The way I am used to seeing this "co-vector" defined is like so:

Suppose $v = \sum\limits_j v_je_j$, where $\{e_j\}$ is a basis (perhaps the standard basis, perhaps not). We define:

$\pi_i(v) = v_i$

(Note we have as many $\pi$-functions, as we have coordinates).

Thus $\pi_i: V \to F$, since $v$ is a vector, and $v_i$ is a scalar.

For EACH $i$, we have $\pi_i$ is linear: suppose $u = \sum\limits_j u_je_j$ and $v = \sum\limits_j v_je_j$.

Then $u+v = \sum\limits_j (u_j+v_j)e_j$ because for any vector $v$, and any two scalars $a,b$ we have:

$(a+b)v = av + bv$ (this is one of the axioms that define a vector space).

In particular, this is true for each of the basis vectors $e_j$.

So $\pi_i(u+v) = u_i+v_i = \pi_i(u) + \pi_i(v)$.

We also have, for any $a \in F$, that $a\left(\sum\limits_j v_je_j\right) = \sum\limits_j (av_j)e_j$, since for any two vectors $u,v$, and any scalar $a$ we have:

$a(u+v) = au + av$ (this is another vector space axiom), so we can distribute the $a$ over the linear combination of basis vectors.

So $\pi_i(av) = av_i = a(\pi_i(v))$, and we have a linear function.

Note that Winitzki is just naming the function by its image, something that is often done with functions (we often talk about "the function $x^2$" when what we really MEAN is "the squaring function").

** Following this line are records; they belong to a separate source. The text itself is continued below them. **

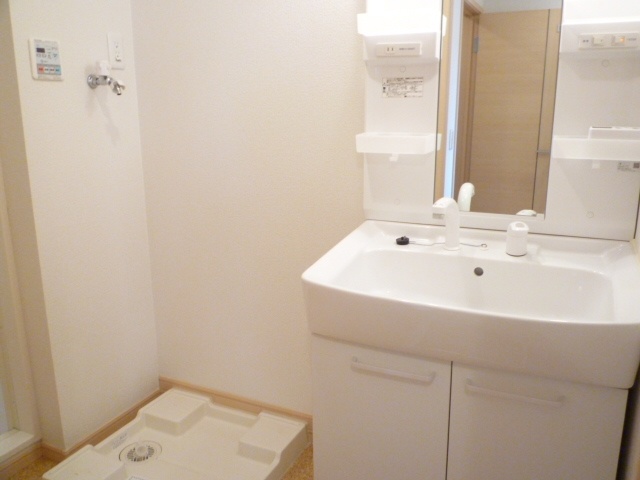 Washroom. Indoor laundry Area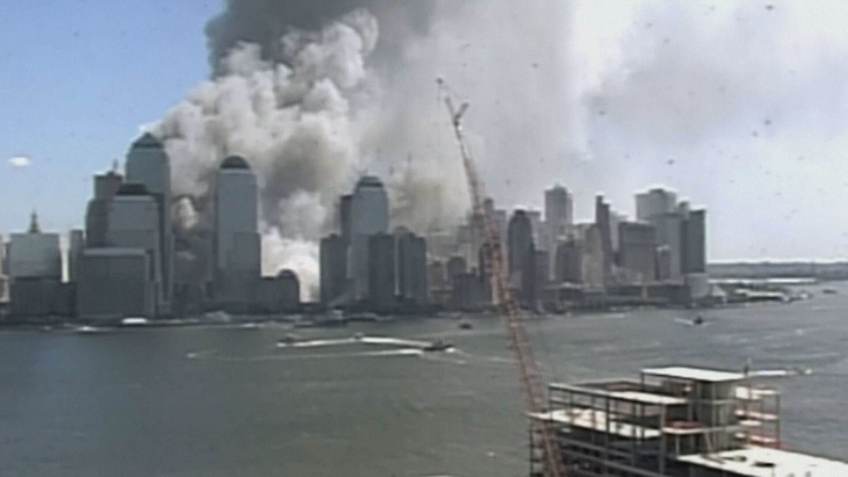 Ataque às Torres Gêmeas em 11 de Setembro de 2001 nos Estados Unidos • CNN/Reprodução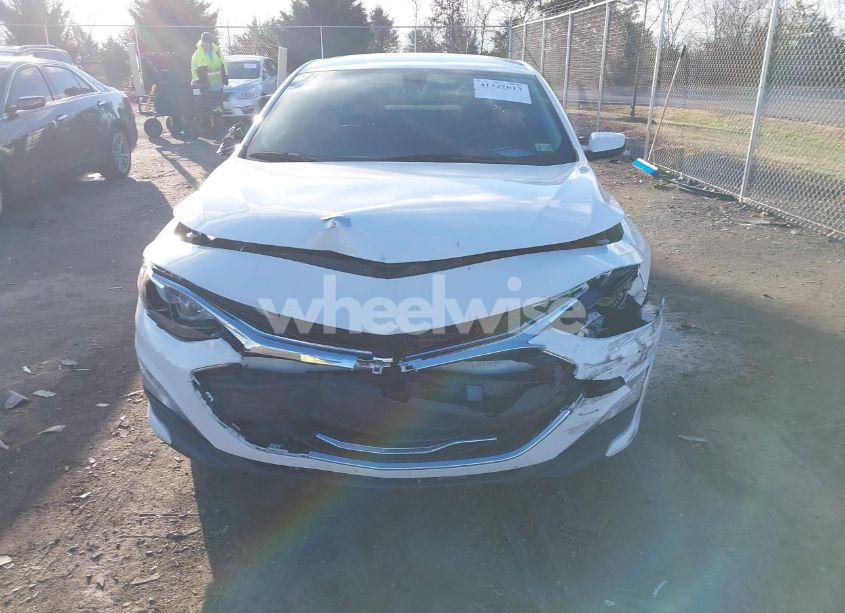 Photo 12 of 2020 Chevrolet Malibu FWD LT (VIN 1G1ZD5ST4LF025526)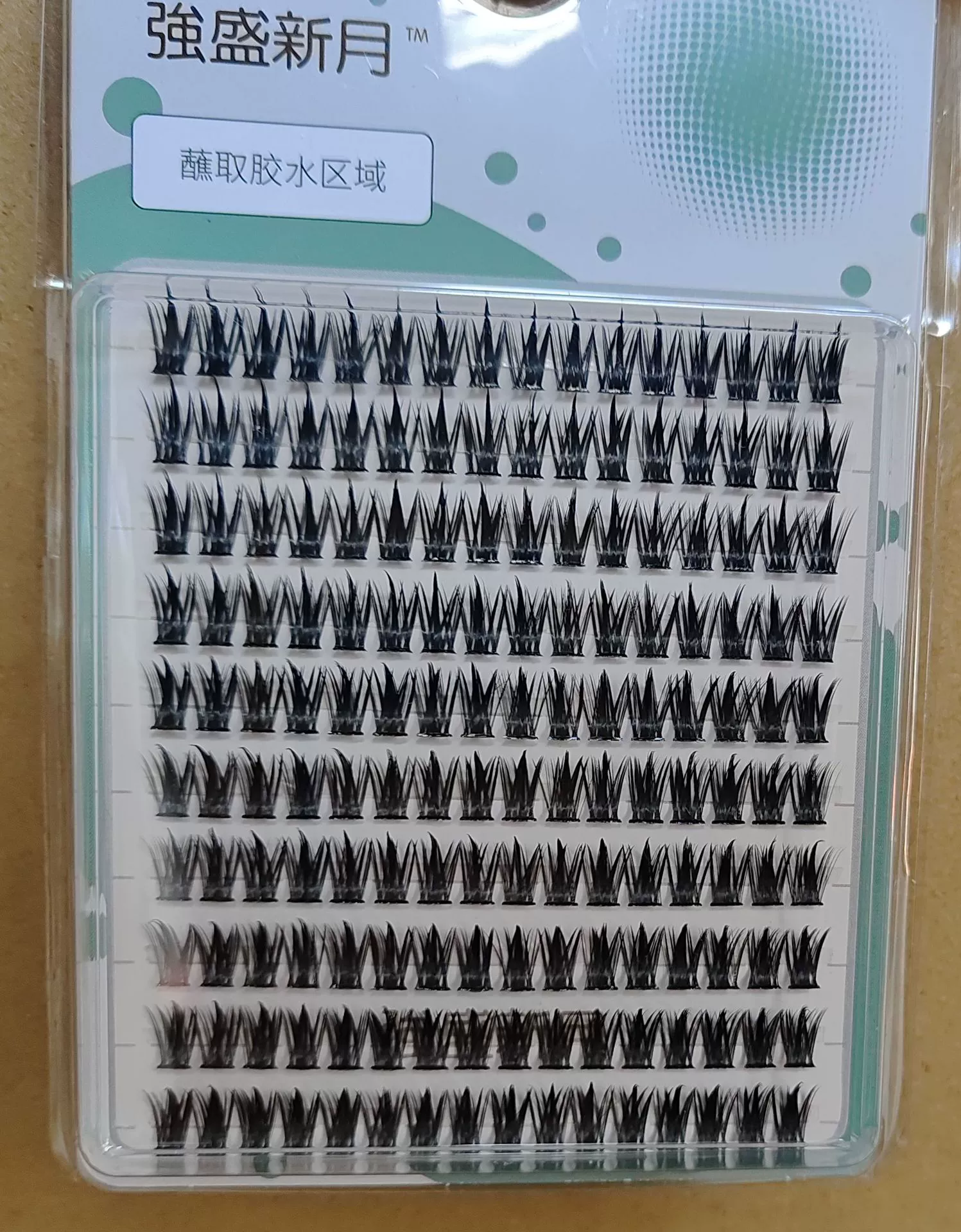 Curling false eyelashes solar-powered for eyelashes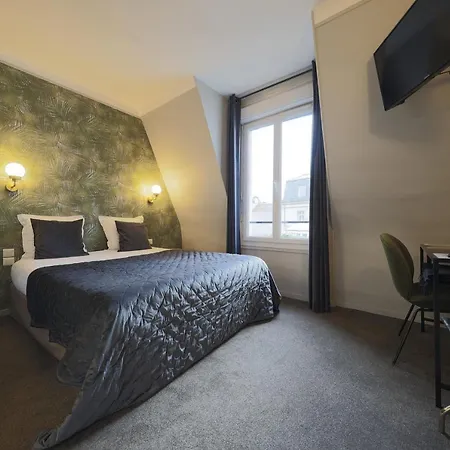 Hotel Azur 2*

What he really means is the function:

$v \mapsto v_i$ (function that returns the $i$-th coordinate of $v$ in some basis).

It is also important to note here that the function(s) we have defined here *depend on a choice of basis*, because the CO-ORDINATES of a vector depend on the basis used.

Put another way, the choice of a basis $\{e_j\}$ creates an isomorphism $\phi:V \to F^{\dim(V)}$, the $\dim(V)$-fold direct sum of $F$. Explicitly, this isomorphism is:

$\phi(v_1e_1 + \cdots + v_ne_n) = (v_1,\dots,v_n)$.

GIVEN the basis $\{e_j\}$ we can specify a *dual basis* $\{\epsilon_i\}$ by:

$\epsilon_i(e_j) = \delta_{ij}$ (this is 1 if $i = j$, and 0 otherwise). It is not hard to see that $\epsilon_i = \pi_i$, for each $i$, by examining $\pi_i(e_j)$ and extending by linearity.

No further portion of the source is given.